Puntos de Interés
Hidrografía
Arroyo del Pontón
Nada más abandonar Villardiegua, la senda continúa en dirección suroeste por el margen derecho del Arroyo del Pontón a lo largo de prácticamente todo su curso fluvial, de unos 5 km de longitud, hasta desembocar en el río Duero. Cabe mencionar que, durante la mayor parte del año, el Arroyo del Pontón se encuentra prácticamente seco, exceptuando los periodos de intensas lluvias, cuando el agua baja rauda a través de la dehesa, reverdeciendo los prados aledaños.
A lo largo de esta vereda poblada de higueras (Ficus carica), zarzas (Rubus ulmifolius) y fresnos (Fraxinus angustifolia) se concentran 11 molinos de agua, utilizados antaño por los habitantes de Villardiegua para moler harina.

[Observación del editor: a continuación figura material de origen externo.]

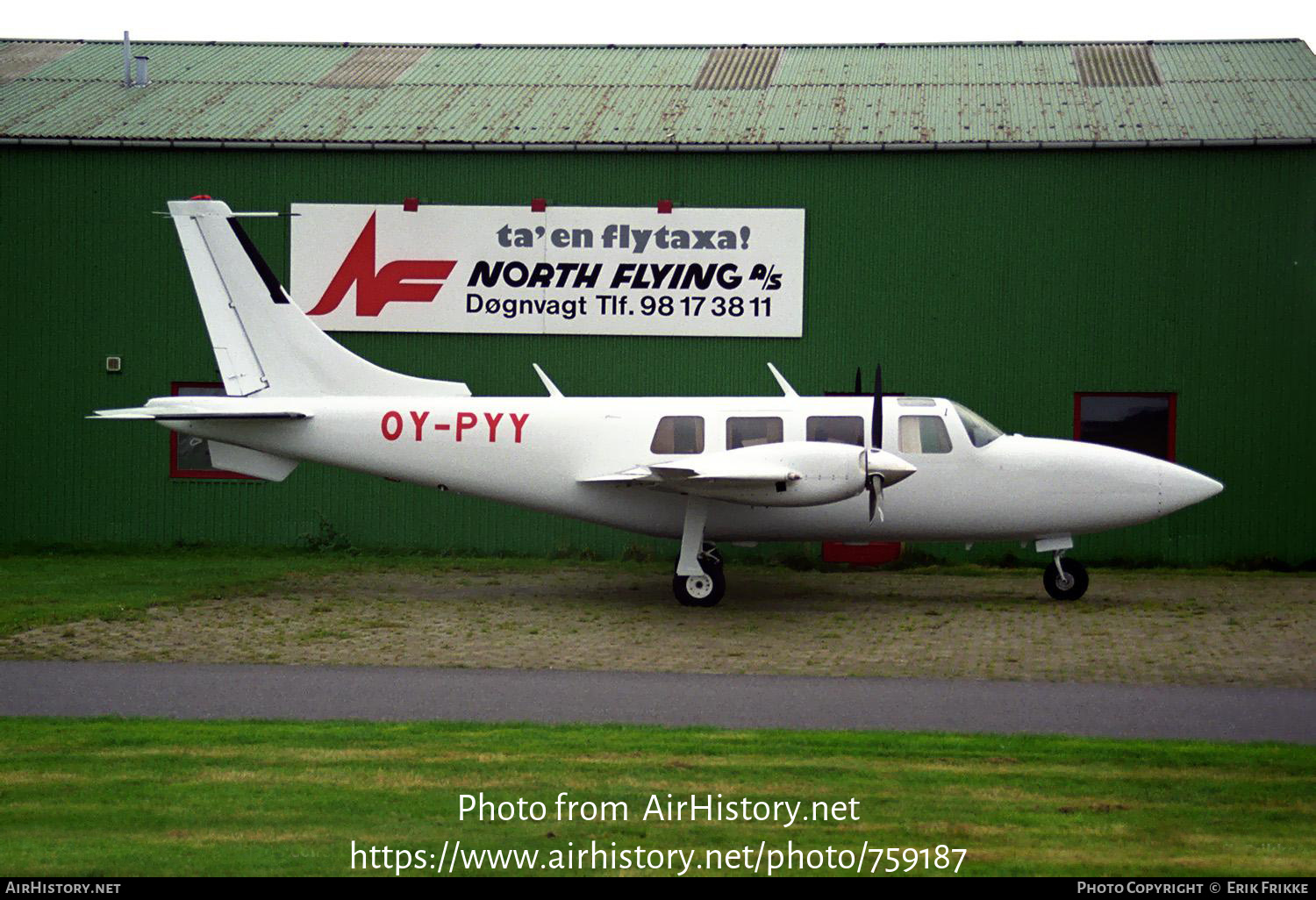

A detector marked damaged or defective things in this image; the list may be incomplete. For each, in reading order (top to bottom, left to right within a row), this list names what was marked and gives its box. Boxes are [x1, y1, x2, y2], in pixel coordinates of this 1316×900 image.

rusty roof panel [0, 39, 1311, 147]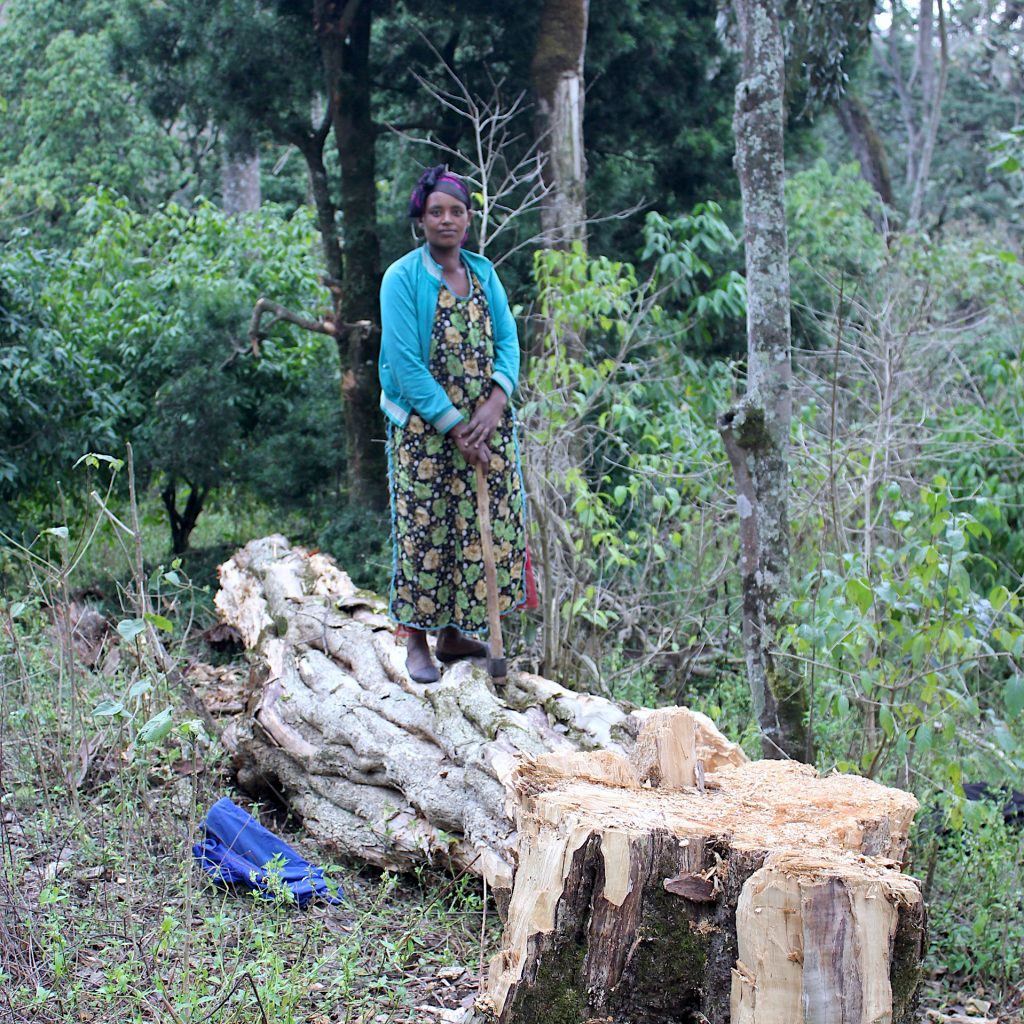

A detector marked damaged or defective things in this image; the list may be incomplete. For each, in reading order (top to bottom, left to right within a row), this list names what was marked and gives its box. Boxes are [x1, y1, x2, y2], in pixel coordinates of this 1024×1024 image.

splintered wood [481, 724, 929, 1024]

Todos ellos se encuentran hoy en desuso, aunque 8 han sido rehabilitados en pos de mantener el patrimonio cultural de la comarca, conservando sus ruedas de molienda y pilas. En las pozas creadas para el ganado y en los charcos perennes del riachuelo confluyen multitud de pequeños seres vivos; desde insectos acuáticos como el ditisco o escarabajo buceador (Dytiscus marginalis), hasta animales más complejos e inusuales como el tritón jaspeado (Triturus marmoratus). Zapateros (Gerris lacustris), libélulas (Orthetrum cancellatum) y mosquitos (Culex pipiens) nacen, viven y mueren en estos reductos húmedos, completando un ciclo de vida irremediablemente ligado al agua.
A medida que el arroyo se acerca a su inevitable final, berrocales y escobas (Cytisus scoparius) se van adueñando del terreno. Cercanas a la ribera, se pueden encontrar algunas rocas graníticas conocidas como cazoletas. Estas se caracterizan por tener una especie de agujeros sobre ellas, pues fueron aprovechadas por los romanos para triturar y lavar minerales en busca de oro, a modo de mortero. Integrados totalmente en el paisaje, también se encuentran algunos puentes levantados con grandes lajas de piedra, como el Puente del Caozo Llongo, que permite cruzar el Arroyo del Pontón.
Pese a que el recorrido gira súbitamente y no acompaña al arroyo hasta su desembocadura, justo en ese punto, el arroyo ha creado una cascada natural que desagua al río Duero durante los meses de abril y mayo, cuando baja el suficiente caudal como para crear una cortina de agua. La cascada del Pontón viene precedida por varios molinos harineros, siendo posible únicamente acceder a ella a través del margen izquierdo de la rivera.